Sur ce MMLP2, c’est le monde à l’envers. Par exemple, il s’excuse auprès de sa mère sur « Headlights« … ! Certes il a passé un cap de maturité avec celui de la quarantaine, toutefois la comparaison avec « Cleanin’ Out My Closet » s’impose fatalement, c’en est quasi l’opposé. Il hurlait qu’il voulait tuer Kim sa compagne? Ici il avoue que grâce à elle, il est devenu « Stronger That I Was » (fragilité inside?). Il parlait de la drogue, maintenant il est « sain d’esprit ». Et les featurings phénoménaux qui parsemaient MMLP – on repense au mythique « Bitch Please part 2 » avec Xzibit, Snoop et Nate Dogg (RIP) ? Aucune trace de ses potes de Detroit, les D-12, Royce ou même de ses signatures les Slaughterhouse et Yelawolf. Seul son jeune collègue Kendrick Lamar est de la partie, sur un track qui plus n,’est pas produite par Dr Dre. Et d’ailleurs que fait ce bon vieux docteur ? ça avance Detox? Parce qu’à part mixer un ou deux morceaux, on l’aperçoit nulle part. Dire qu’il était l’architecte derrière MMLP

Ce monstre, le Slim Shady, s’est presque totalement évaporé.

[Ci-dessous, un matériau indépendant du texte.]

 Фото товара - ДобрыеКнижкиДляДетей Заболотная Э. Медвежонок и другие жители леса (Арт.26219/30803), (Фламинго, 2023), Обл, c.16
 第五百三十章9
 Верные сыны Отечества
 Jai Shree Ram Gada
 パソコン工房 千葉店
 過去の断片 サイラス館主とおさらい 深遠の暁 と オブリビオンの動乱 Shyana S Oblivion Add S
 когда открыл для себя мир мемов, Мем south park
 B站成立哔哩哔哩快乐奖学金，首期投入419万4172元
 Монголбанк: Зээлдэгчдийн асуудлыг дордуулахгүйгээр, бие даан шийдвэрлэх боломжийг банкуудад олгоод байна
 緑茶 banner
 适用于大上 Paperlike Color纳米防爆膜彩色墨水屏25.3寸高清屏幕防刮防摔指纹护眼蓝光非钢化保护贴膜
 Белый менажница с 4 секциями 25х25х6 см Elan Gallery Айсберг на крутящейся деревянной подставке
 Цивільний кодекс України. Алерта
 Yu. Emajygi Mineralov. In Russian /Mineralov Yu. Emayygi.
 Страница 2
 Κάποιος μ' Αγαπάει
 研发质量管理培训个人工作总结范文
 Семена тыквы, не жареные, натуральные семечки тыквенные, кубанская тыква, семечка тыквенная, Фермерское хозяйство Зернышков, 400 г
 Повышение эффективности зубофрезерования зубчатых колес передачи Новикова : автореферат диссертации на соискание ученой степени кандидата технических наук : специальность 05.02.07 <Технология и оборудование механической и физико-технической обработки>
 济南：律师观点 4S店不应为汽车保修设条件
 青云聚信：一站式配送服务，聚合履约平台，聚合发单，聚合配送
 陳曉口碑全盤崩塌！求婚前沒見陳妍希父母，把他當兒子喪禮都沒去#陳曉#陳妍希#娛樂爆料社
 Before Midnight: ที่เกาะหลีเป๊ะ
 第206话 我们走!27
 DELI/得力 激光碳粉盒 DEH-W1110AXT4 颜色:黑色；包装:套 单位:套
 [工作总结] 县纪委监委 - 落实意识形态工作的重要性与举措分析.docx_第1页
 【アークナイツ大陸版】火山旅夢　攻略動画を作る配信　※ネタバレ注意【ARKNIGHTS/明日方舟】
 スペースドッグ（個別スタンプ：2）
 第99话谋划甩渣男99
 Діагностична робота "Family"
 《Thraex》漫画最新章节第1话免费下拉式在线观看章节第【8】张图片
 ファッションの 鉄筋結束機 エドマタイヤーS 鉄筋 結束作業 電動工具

Il arrive toutefois de retrouver cette vieille branche d’Eminem, quand il reprend la suite de « Stan » pendant quelques rimes à la fin de la première partie de « Bad Guy » (produite par S1). « So Much Better » est une production typique de sa facette producteur, d’ailleurs son associé Luis Resto est toujours à ses côtés. Son humour gris foncé (qui a dit noir?) est sur « Brainless« , « So Far » avec un joli rot « fuck swag » (la touche rap/rock de Rick Rubin fait aussi la différence) et « Love Game » avec Kendrick Lamar. Si on retire ces trois chansons et « Rhyme or Reason » (où apparaît son double maléfique sur le 3e verset), MMLP2 a 0% de fun. On se coltinerait les morceaux radio comme « Survival » (prod DJ Khalil) et « The Monster » avec Riri qui nous terrorise plus que le texte. Ce monstre, le Slim Shady, s’est presque totalement évaporé. Où est cet individu incontrôlable et déséquilibré qui égratignait les stars et personnalités influentes ? Ici il se frotte légèrement à Lady Gaga ou Justin Bieber (des cibles assez faciles vous en conviendrez).

Le souvenir impérissable de Marshall Mathers LP demeure encore très vivace dès qu’on réécoute ce chef d’oeuvre. Être nostalgique de cette époque n’est pas un mal et il paraît normal d’être triste en voyant que l’une des idoles de notre jeunesse ne vieillit pas comme on l’entend… Mais ça, tout dépend du point de vue. Voir qu’un de ses artistes préférés fait plus attention à sa santé est positif et qu’il opte pour des choix artistiques moins risqués pour sa carrière est parfaitement compréhensible. A l’inverse, s’il avait continué de se droguer et d’être un individu au comportement irresponsable à cet âge, ne le lui aurait-on pas reproché? De plus, qu’il ait gardé un tel niveau de notoriété après presque quinze ans dans l’industrie de la musique mérite aussi les plus humbles félicitations. Quel autre rappeur peut se targuer d’avoir pu associer un tel succès et une telle longévité : Jay-Z, et?

Reste qu’on peut naturellement remettre en cause très sérieusement la légitimité de cette suite qui s’inscrit plutôt dans la continuité de Recovery . Blâmez les choix artistiques de l’auteur et ses producteurs, blâmez la puissance marketing d’Interscope.